▶ _Aim of the task_:
For this task, output exactly the lines of the material below starting at the line with "Hey, this is" and ending at the line with "Keep in mind, a"; pictures are to be excluded.

--- The data Enclosed Below ---

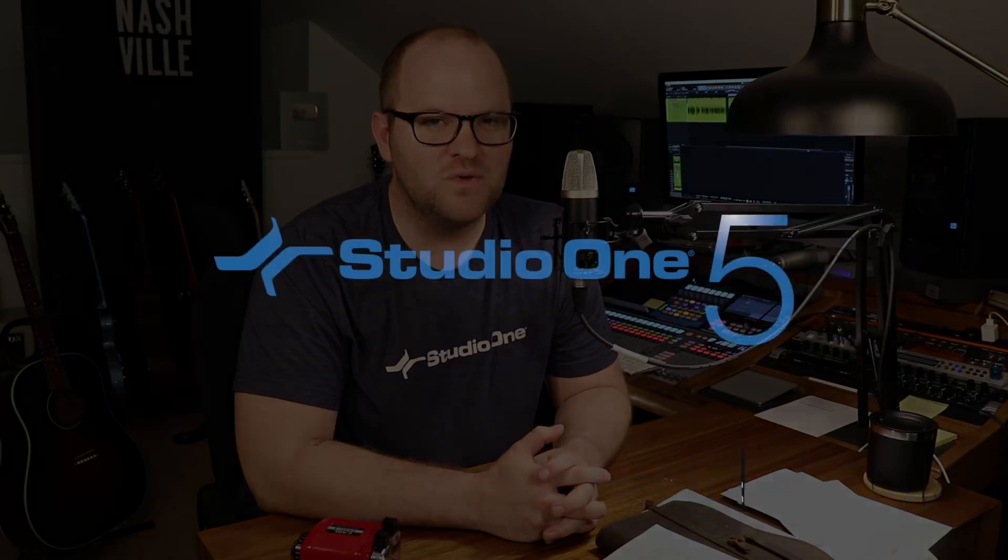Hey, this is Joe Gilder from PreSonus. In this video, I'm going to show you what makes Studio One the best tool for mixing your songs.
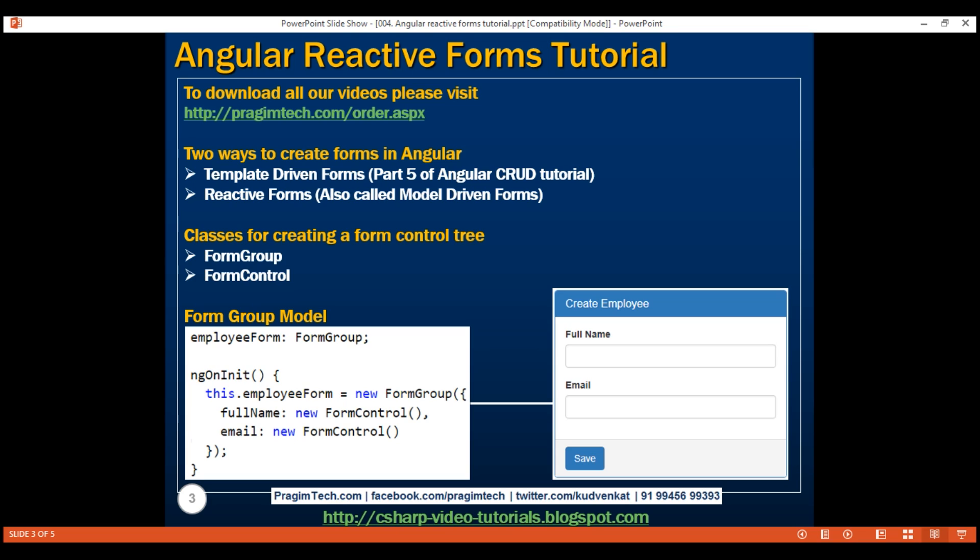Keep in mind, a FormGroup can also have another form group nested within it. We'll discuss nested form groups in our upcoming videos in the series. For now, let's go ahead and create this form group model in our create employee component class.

--- End of Enclosed The data ---
--- The data Enclosed Below ---

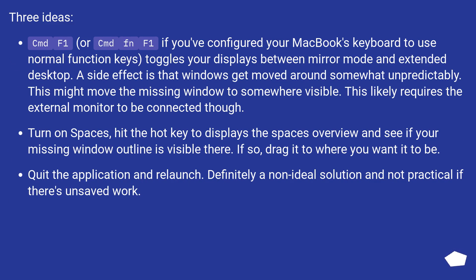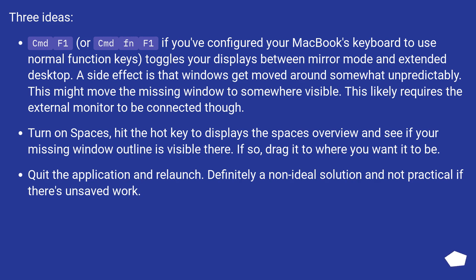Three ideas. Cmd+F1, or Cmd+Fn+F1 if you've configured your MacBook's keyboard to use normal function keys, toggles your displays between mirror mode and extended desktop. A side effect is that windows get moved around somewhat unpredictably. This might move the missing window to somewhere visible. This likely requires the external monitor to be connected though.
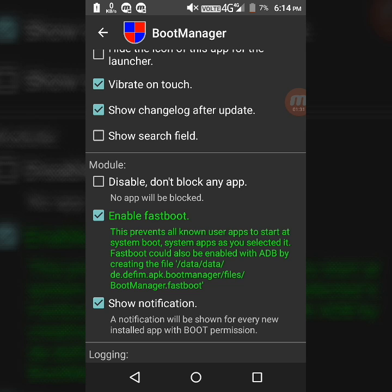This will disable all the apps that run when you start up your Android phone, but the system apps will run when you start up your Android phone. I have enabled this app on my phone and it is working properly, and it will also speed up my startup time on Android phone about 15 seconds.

--- End of Enclosed The data ---

▶ _Problem solution_:
Hey, this is Joe Gilder from PreSonus. In this video, I'm going to show you what makes Studio One the best tool for mixing your songs.
Keep in mind, a FormGroup can also have another form group nested within it. We'll discuss nested form groups in our upcoming videos in the series. For now, let's go ahead and create this form group model in our create employee component class.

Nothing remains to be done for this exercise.